# [WORK INSTRUCTION]
Would you please reproduce all the entries word for word, minus the pictures?

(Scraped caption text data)
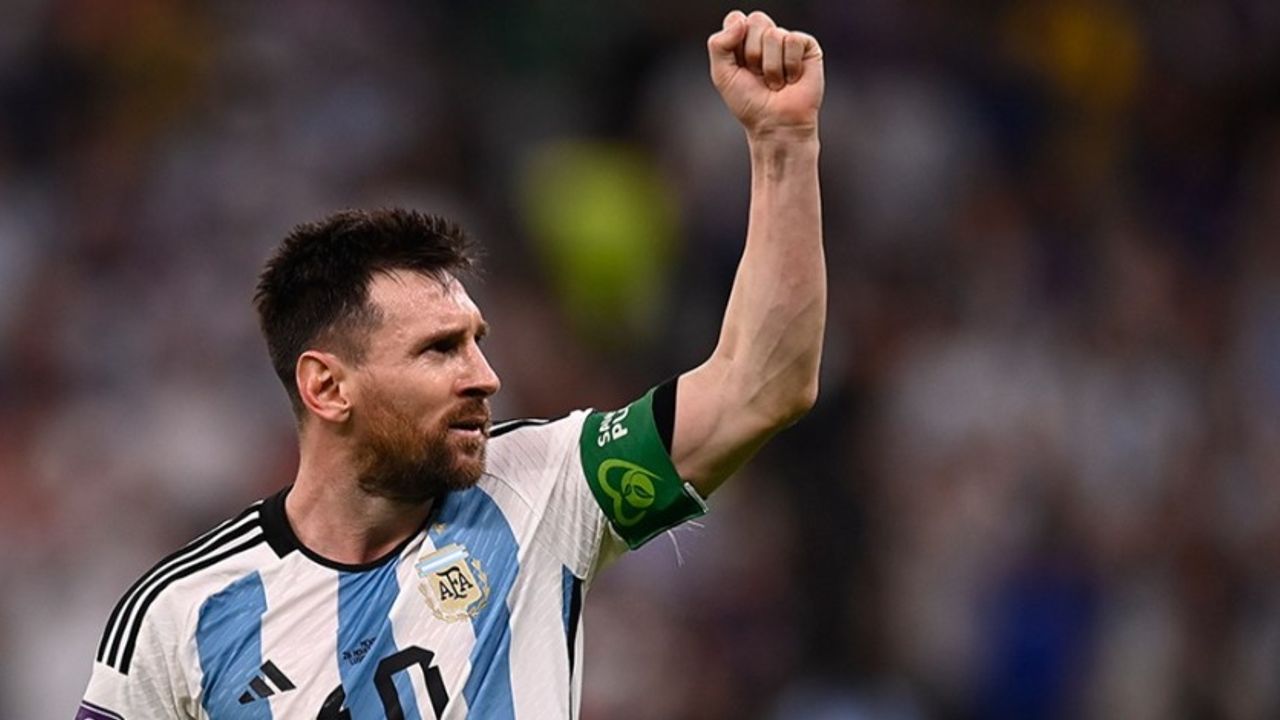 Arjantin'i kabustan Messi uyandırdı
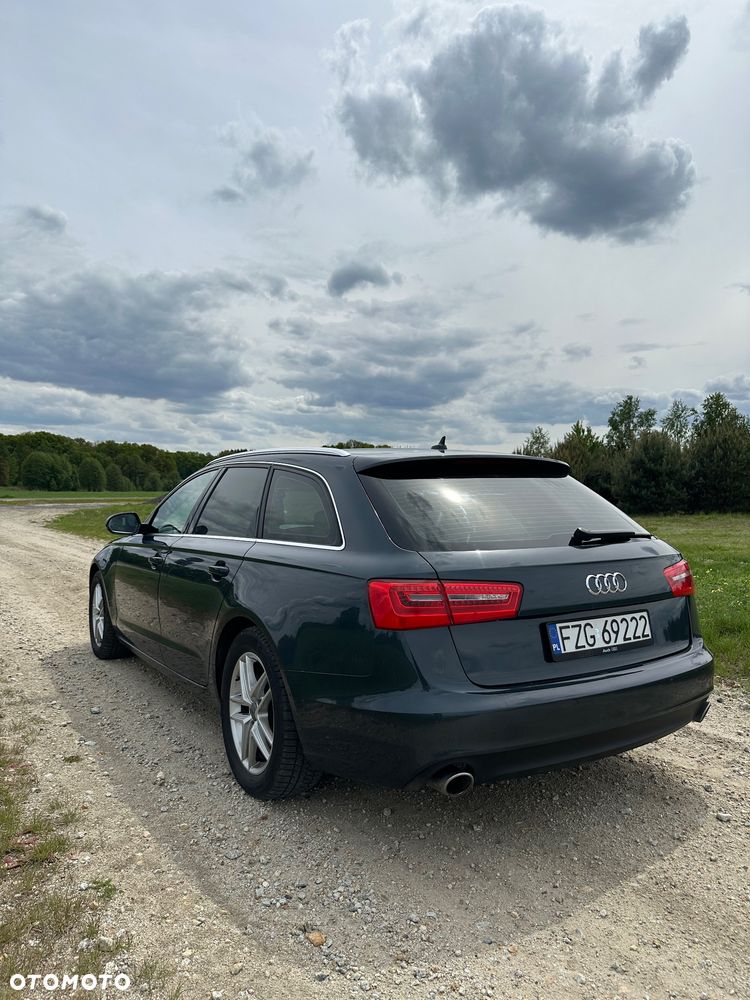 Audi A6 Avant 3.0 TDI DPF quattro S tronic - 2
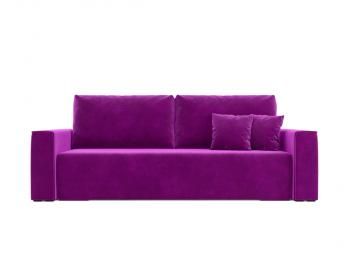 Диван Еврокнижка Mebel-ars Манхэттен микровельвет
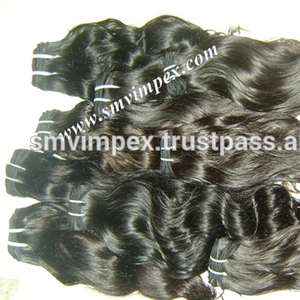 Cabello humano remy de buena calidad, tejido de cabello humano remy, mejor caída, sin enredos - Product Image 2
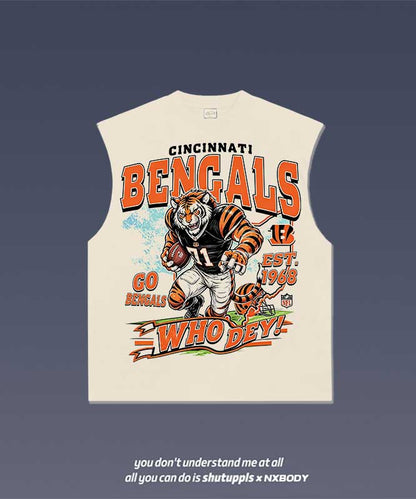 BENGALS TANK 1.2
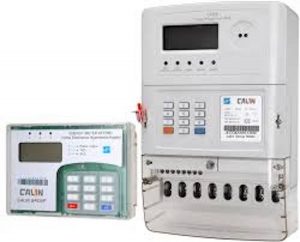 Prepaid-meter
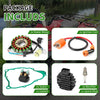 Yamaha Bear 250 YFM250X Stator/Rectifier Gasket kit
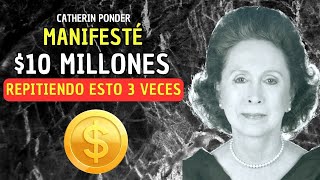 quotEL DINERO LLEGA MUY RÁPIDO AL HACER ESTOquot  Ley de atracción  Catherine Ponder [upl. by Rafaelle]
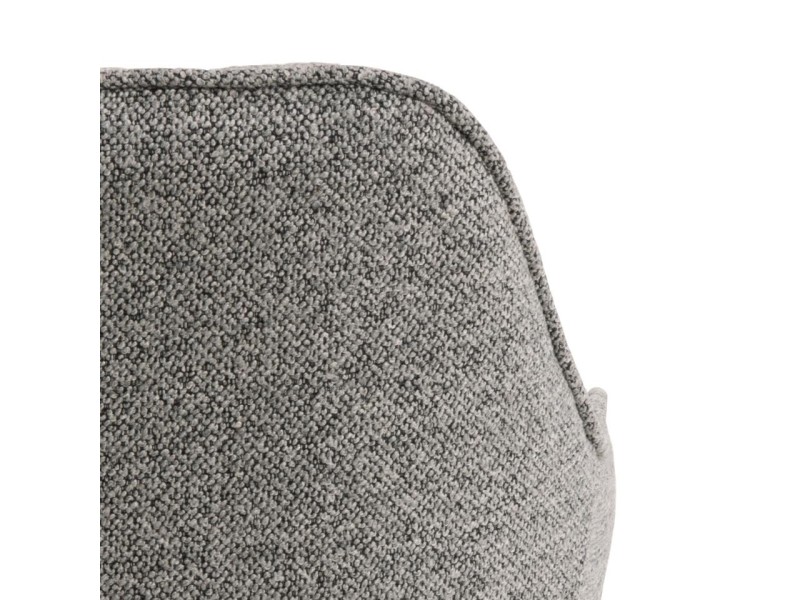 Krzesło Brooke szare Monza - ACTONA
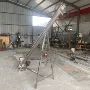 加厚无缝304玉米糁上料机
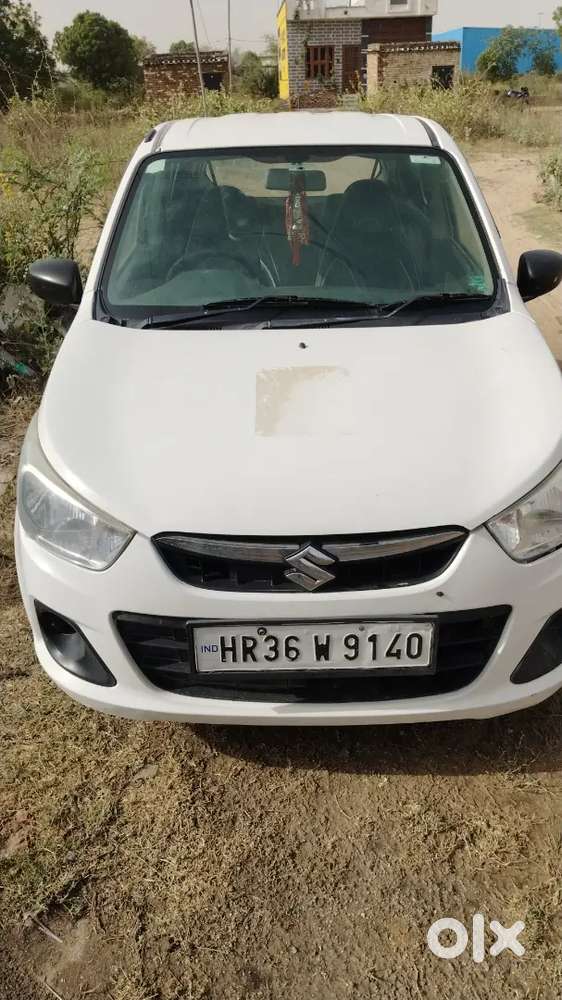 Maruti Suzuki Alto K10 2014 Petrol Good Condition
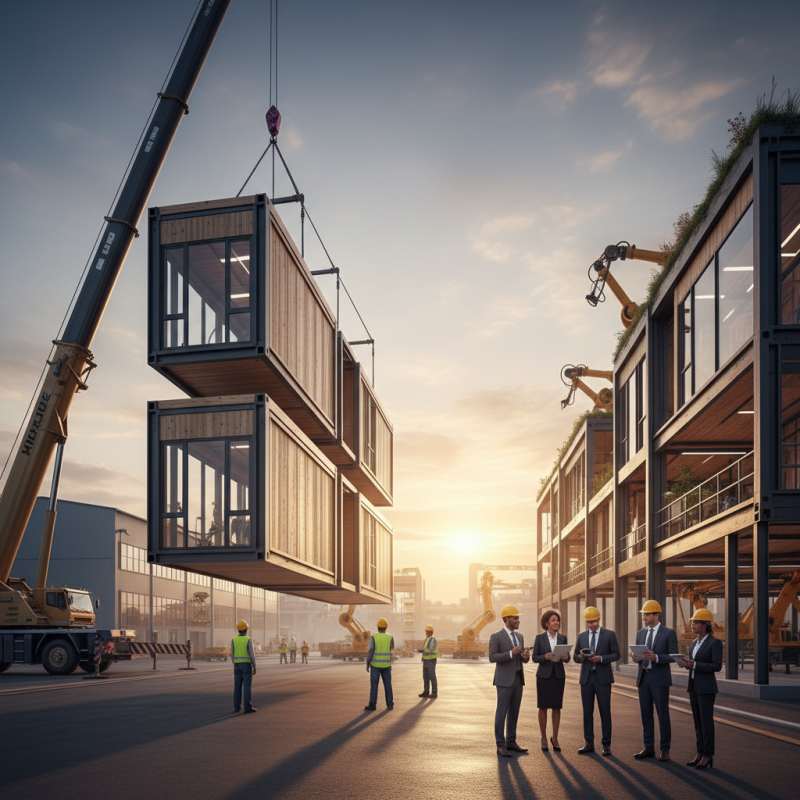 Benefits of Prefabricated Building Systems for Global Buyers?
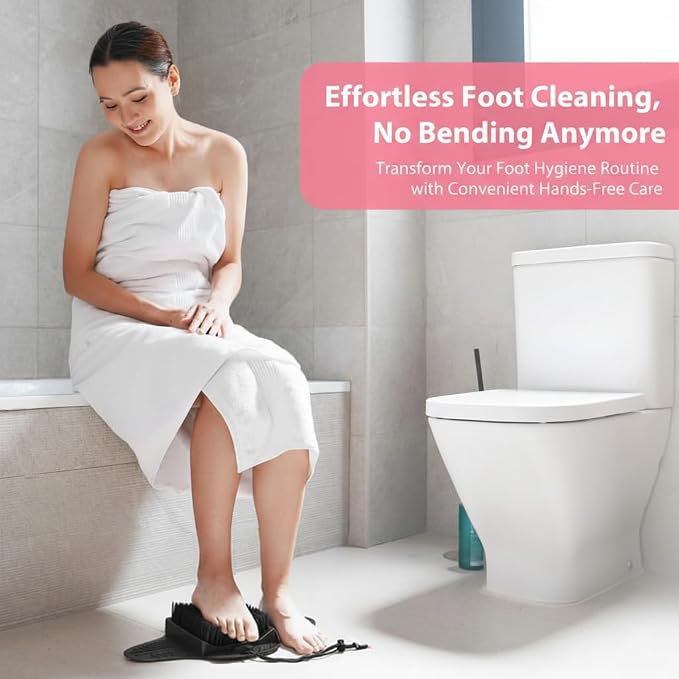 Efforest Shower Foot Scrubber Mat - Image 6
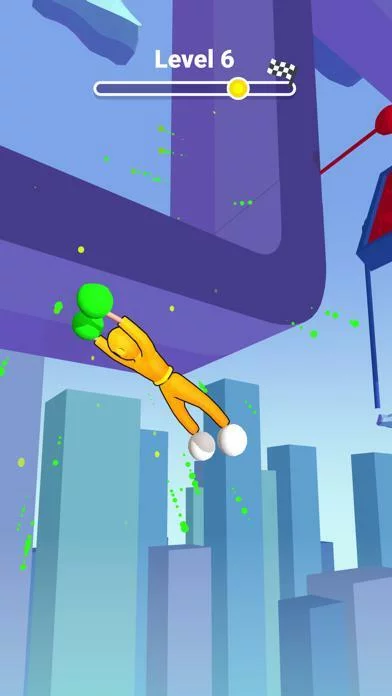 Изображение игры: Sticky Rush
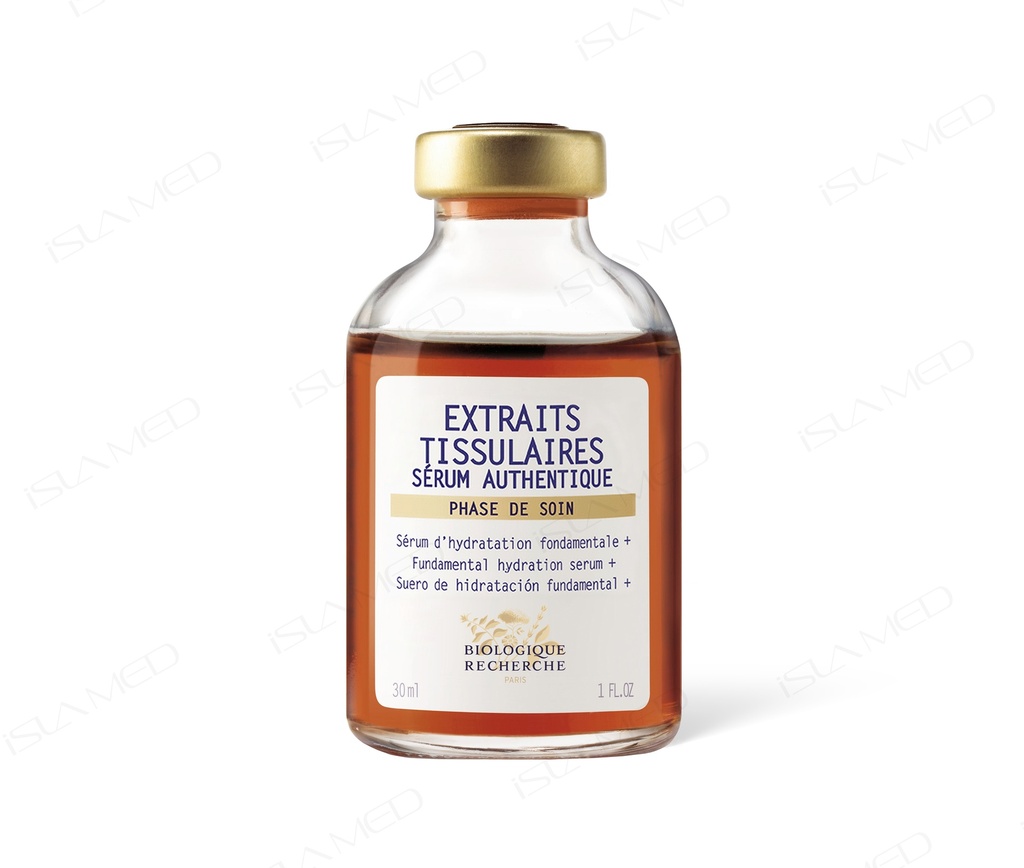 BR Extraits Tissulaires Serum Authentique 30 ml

# [RESULT FOR THIS EXERCISE]
 Arjantin'i kabustan Messi uyandırdı
 Audi A6 Avant 3.0 TDI DPF quattro S tronic - 2
 Диван Еврокнижка Mebel-ars Манхэттен микровельвет
 Cabello humano remy de buena calidad, tejido de cabello humano remy, mejor caída, sin enredos - Product Image 2
 BENGALS TANK 1.2
 Prepaid-meter
 Yamaha Bear 250 YFM250X Stator/Rectifier Gasket kit
 quotEL DINERO LLEGA MUY RÁPIDO AL HACER ESTOquot  Ley de atracción  Catherine Ponder [upl. by Rafaelle]
 Krzesło Brooke szare Monza - ACTONA
 加厚无缝304玉米糁上料机
 Maruti Suzuki Alto K10 2014 Petrol Good Condition
 Benefits of Prefabricated Building Systems for Global Buyers?
 Efforest Shower Foot Scrubber Mat - Image 6
 Изображение игры: Sticky Rush
 BR Extraits Tissulaires Serum Authentique 30 ml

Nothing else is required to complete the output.